I am getting a 401.2 error on the default document in VS2013 (and IIS). Here are the steps I'm taking:
- In VS2013, right click choose "New Project"
- Choose "ASP.NET Web Application", click OK
- Choose "Empty" project, Check "Web Forms" at the bottom and click OK
- Right click on the project and choose "Add | Web Form" - named Default.aspx with "Authentication Succeeded" as the page content
- Right click on the project and choose "Add | Web Form" - named Login.aspx
- Add a "Login" as the page content
- Assign an "Authentication" event handler that sets "e.Authenticated = true"

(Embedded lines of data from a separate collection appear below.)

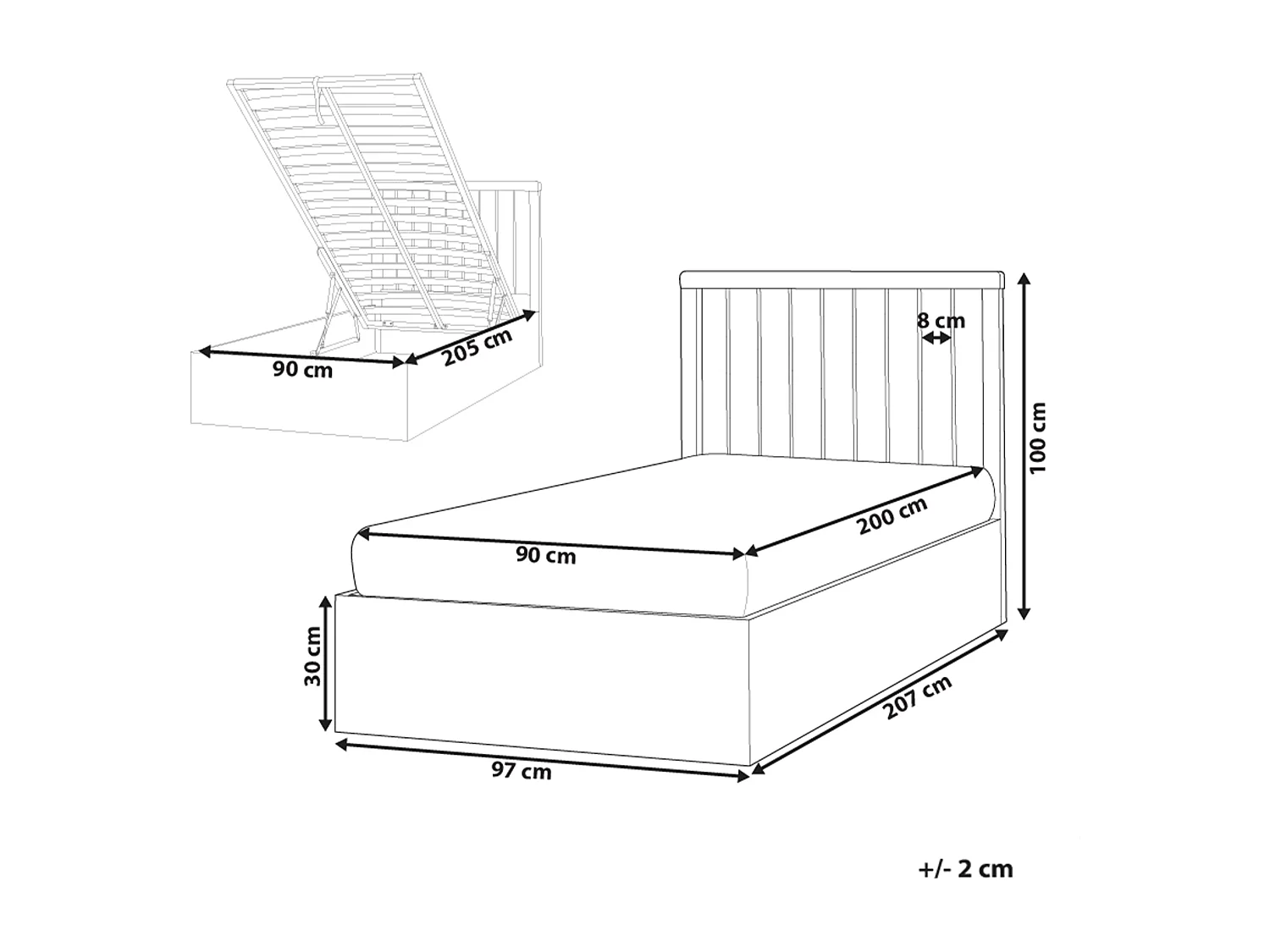 Bett mit Stauraum ROUVILLERS 90 x 200 cm Weiss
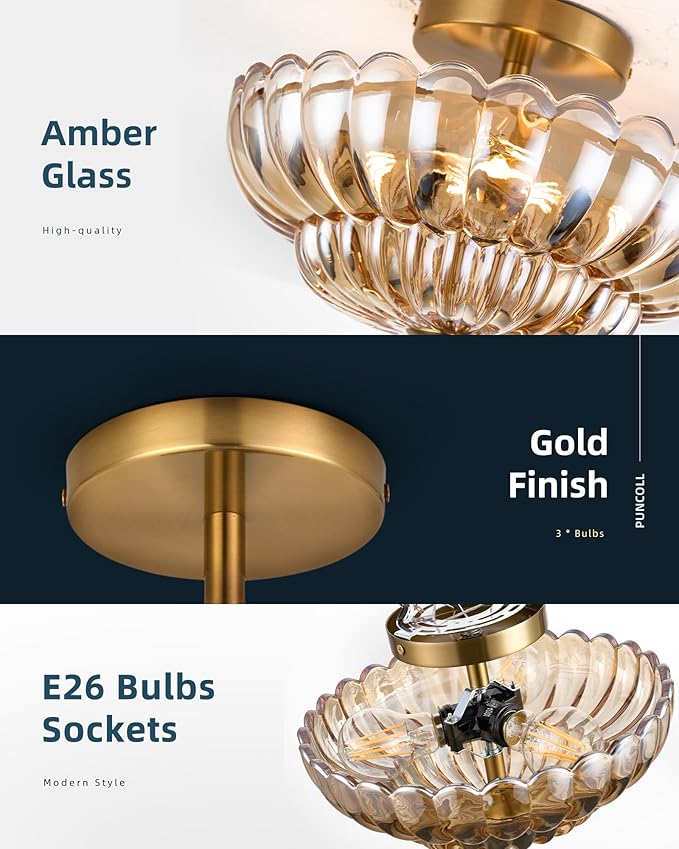 11.8 inch Semi Flush Mount Ceiling Light, 3-Light Close to Ceiling Light Fixtures with Flower Glass, Vintage Ceiling Lights for Hallway Living Room Kitchen Bedroom Bathroom, Amber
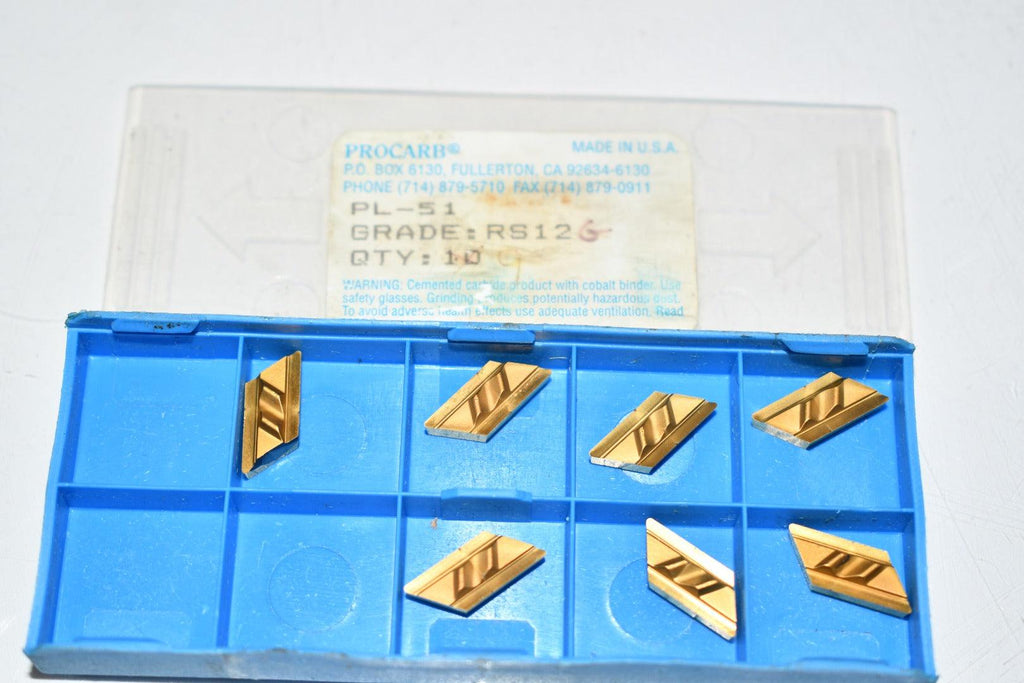 Pack of 7 NEW Procarb PL-51 Grade: RS12 Carbide Grooving Inserts
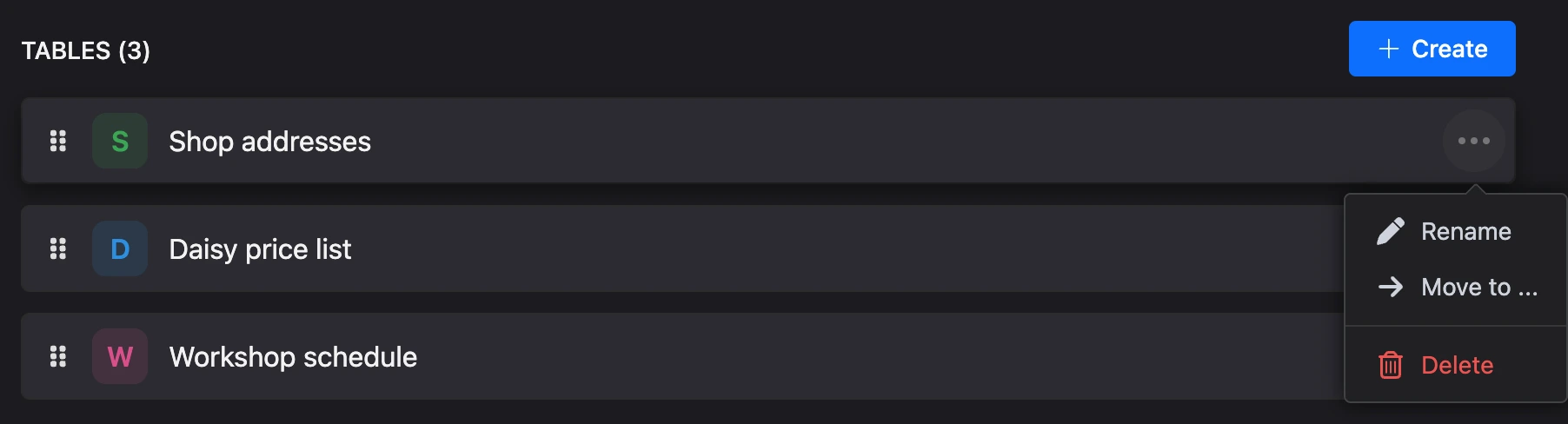 A table’s “⋯” menu in the list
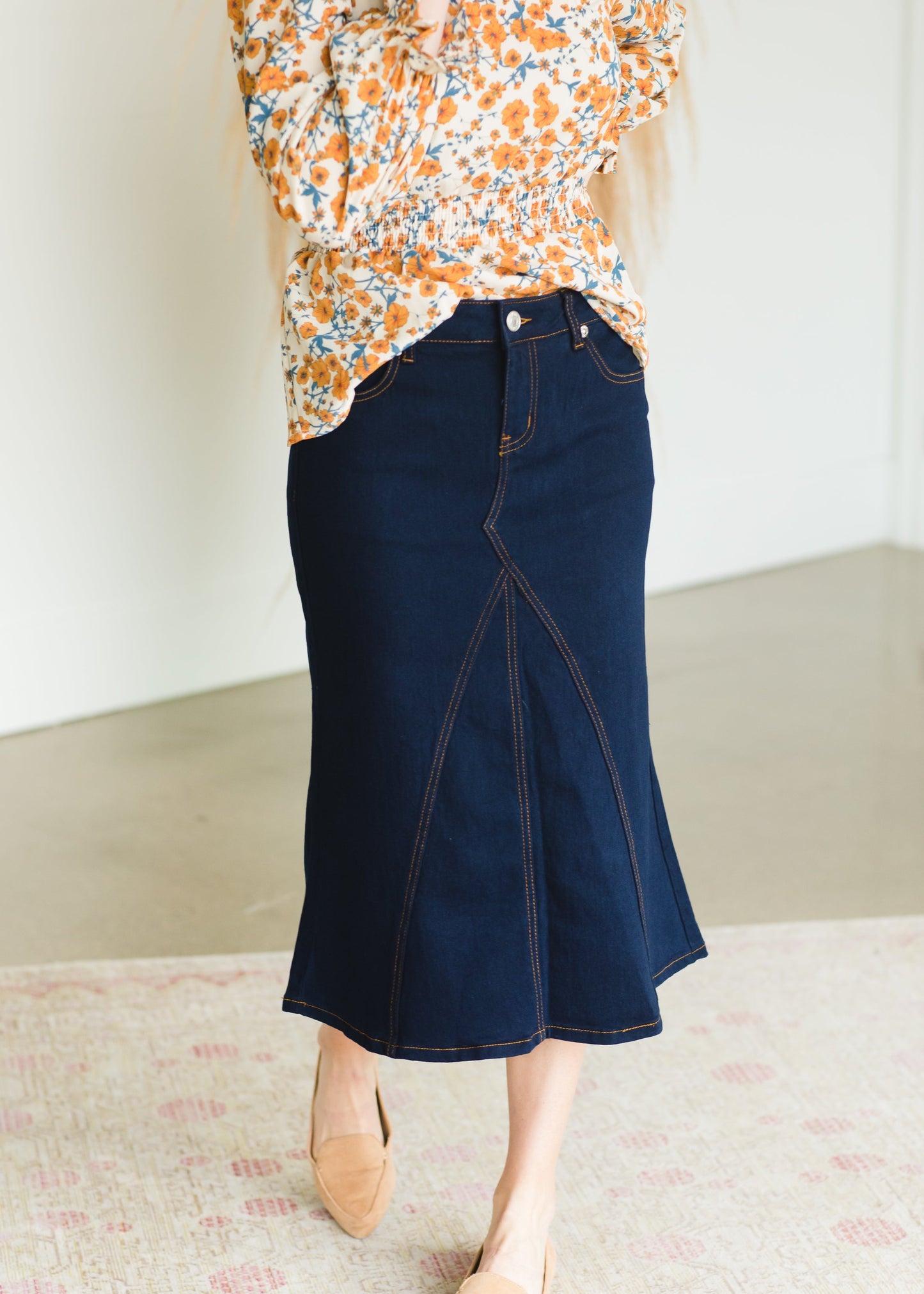 Dark Denim A-Line Contrast Midi Skirt Skirts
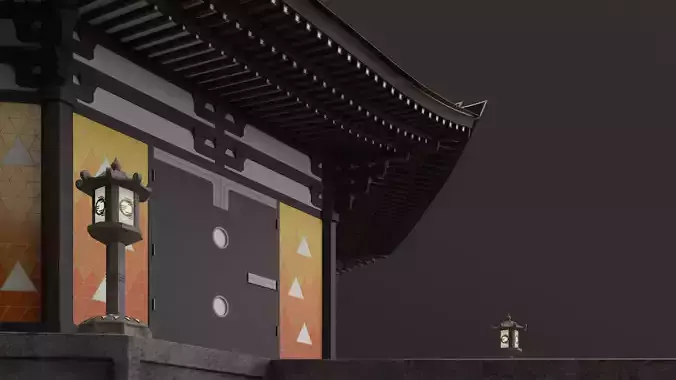 Zenitsu Temple - Demon Slayer architecture 3D model 7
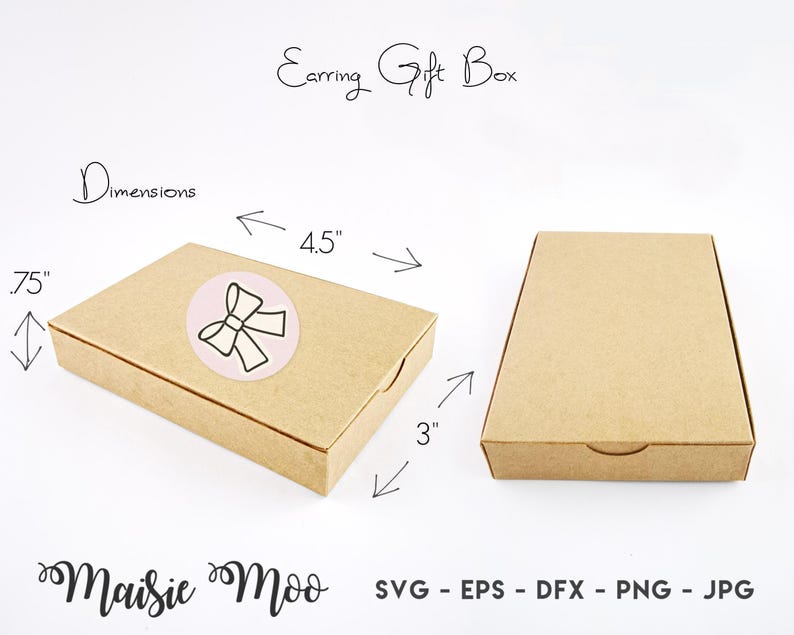 Earring Gift Box Template Collection, Scalloped Window Earring Display Box SVG, Keychain Gift Box DXF, Gift Box PDF, Cricut Box svg image 6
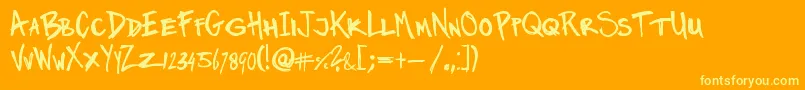 フォントTwinmarker – オレンジの背景に黄色の文字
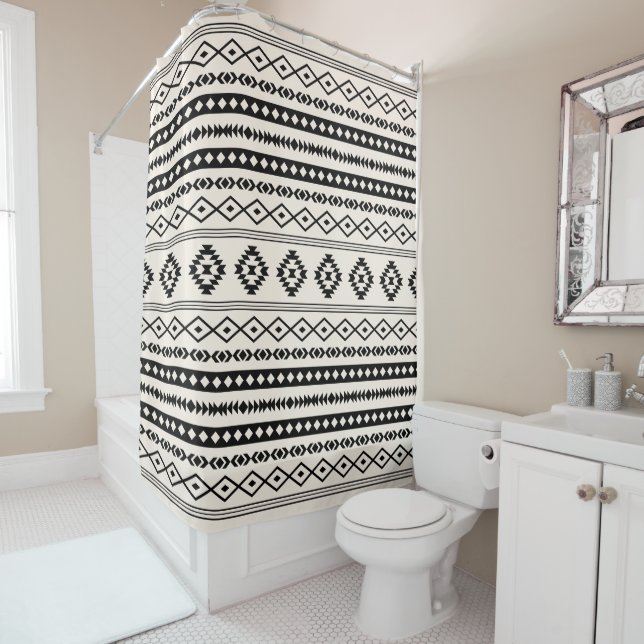 Aztec Black on Cream Mixed Motifs Pattern Shower Curtain (In Situ)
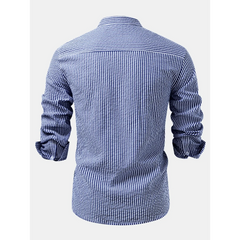 Striped Seersucker Stand Collar Shirt & Straight Leg Linen Pants - 2 Piece Smart Casual Outfit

- Update the web.config as listed below
- Press F5
<?xml version="1.0" encoding="utf-8"?>
<configuration>
<appSettings>
<add key="ValidationSettings:UnobtrusiveValidationMode" value="None" />
</appSettings>
<system.web>
<compilation debug="true" targetFramework="4.5" />
<httpRuntime targetFramework="4.5" />
<authentication mode="Forms">
<forms loginUrl="Login.aspx" />
</authentication>
</system.web>
<system.webServer>
<defaultDocument>
<files>
<clear />
<add value="default.aspx" />
</files>
</defaultDocument>
<security>
<authorization>
<remove users="*"/>
<add accessType="Deny" users="?" />
<add accessType="Allow" users="*"/>
</authorization>
</security>
</system.webServer>
</configuration>
The behavior that I'm seeing is that http://localhost:12345/Default.aspx behaves correctly (always). In other words, when I first go to Default.aspx, it redirects me to the Login.aspx page. Once I've authenticated, I can see the Default.aspx page. If I logout and try to go to the Default.aspx page again it redirects me to login first.
However, when I got the / URL instead (no Default.aspx) I get a 401.2 error (even if I've authenticated 1st)?
The Default.aspx page is listed as a default document, and if I remove the "Deny" line from the Web.Config - then the default document behaves as expected. But when Deny ? is listed in the web config, suddenly the default document stops working and I have to go to /Default.aspx in order to avoid a 401.2 error.
Any suggests as to why this would behave like this?
I see no errors about any of this in the event log. I see the same behavior when using IISExpress (in VS by pressing F5) or with IIS when going to the public URL directly through a browser.